(Dataset entries)

******

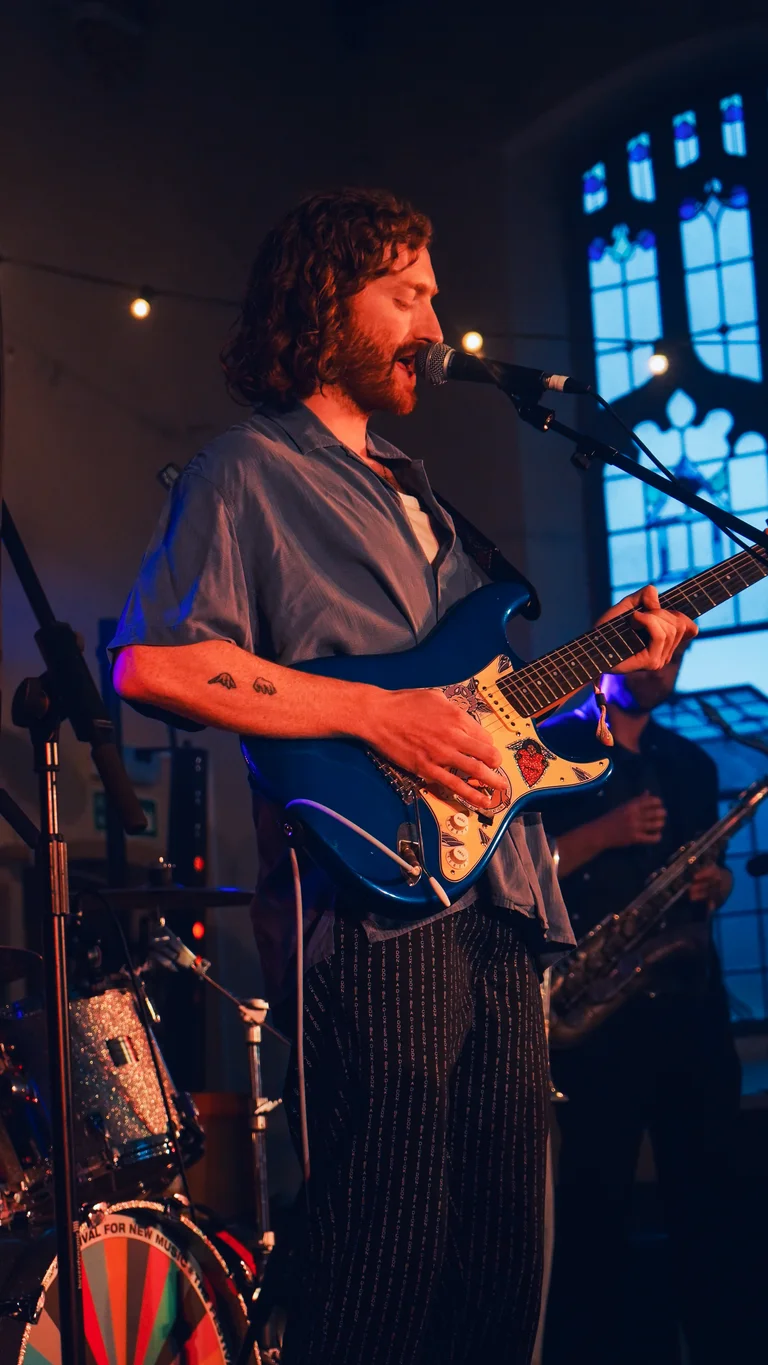 george bloomfield performs on stage, holding a blue electric guitar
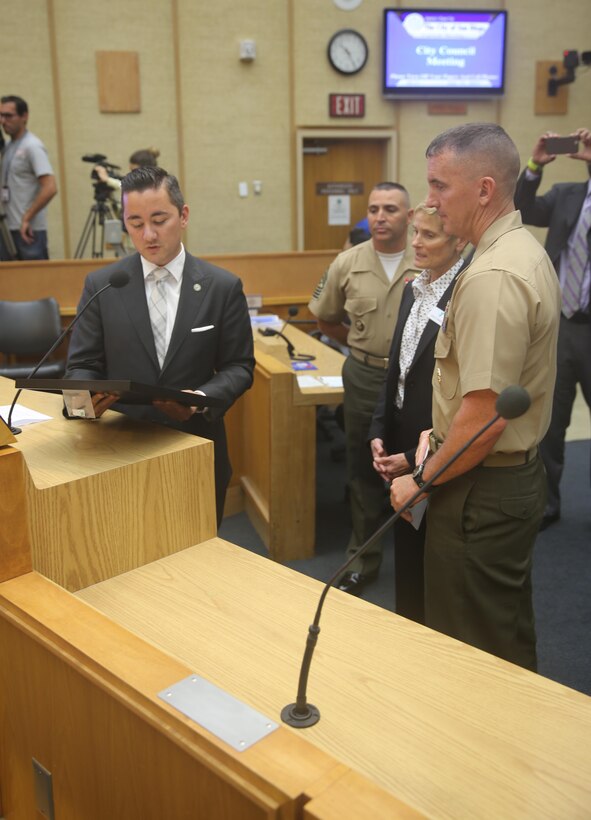 Chris Cate, San Diego councilmember of District 6, presents the Marine Corps Air Station Miramar Single Marine Program 20th Anniversary proclamation to Col. John Farnam, commanding officer of MCAS Miramar during a council meeting at the City Administration Building, San Diego, July 21. The SMP received recognition for contributing more than 300 hours of volunteer effort to the city of San Diego. (U.S. Marine Corps photo by Lance Cpl. Kimberlyn Adams/Released)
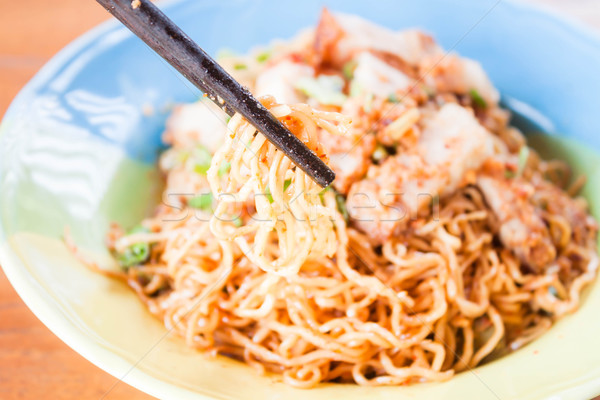Close up chopstick holding a group of yellow noodles  Stock photo © punsayaporn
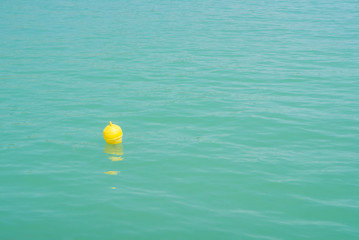 One bright yellow marker buoy floating in blue turquoise lake water, Balaton, Hungary. Abstract composition of water safety.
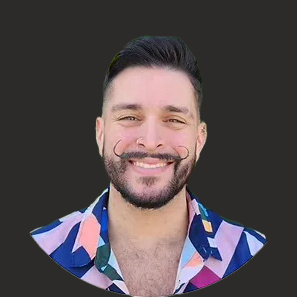 A smiling man with a trimmed beard and stylized mustache, wearing a colorful patterned shirt. the background is removed, showing just the man’s portrait in a circular frame.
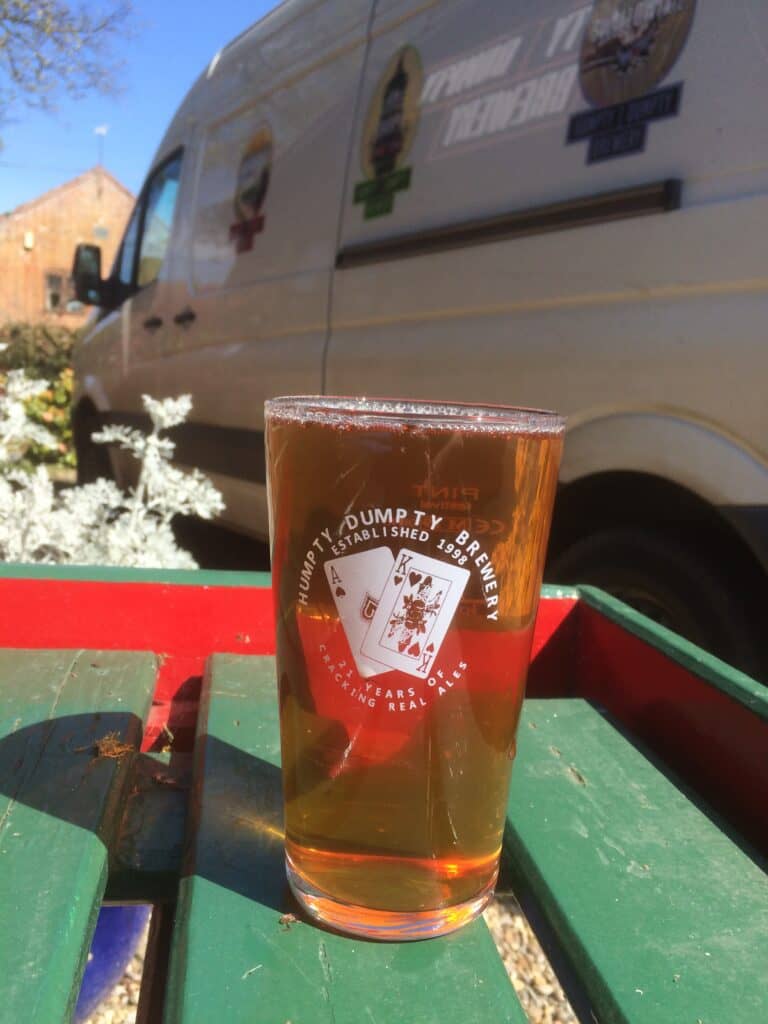 A pint placed on a green bench from Humpty Dumpty Brewery in Norfolk with a van in the background.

******

### [BRIEF]
Each record above should be repeated exactly, please, without pictures.

### [RESULT OF THE TASK]
 george bloomfield performs on stage, holding a blue electric guitar
 Chris Cate, San Diego councilmember of District 6, presents the Marine Corps Air Station Miramar Single Marine Program 20th Anniversary proclamation to Col. John Farnam, commanding officer of MCAS Miramar during a council meeting at the City Administration Building, San Diego, July 21. The SMP received recognition for contributing more than 300 hours of volunteer effort to the city of San Diego. (U.S. Marine Corps photo by Lance Cpl. Kimberlyn Adams/Released)
Close up chopstick holding a group of yellow noodles  Stock photo © punsayaporn
 One bright yellow marker buoy floating in blue turquoise lake water, Balaton, Hungary. Abstract composition of water safety.
 A smiling man with a trimmed beard and stylized mustache, wearing a colorful patterned shirt. the background is removed, showing just the man’s portrait in a circular frame.
 A pint placed on a green bench from Humpty Dumpty Brewery in Norfolk with a van in the background.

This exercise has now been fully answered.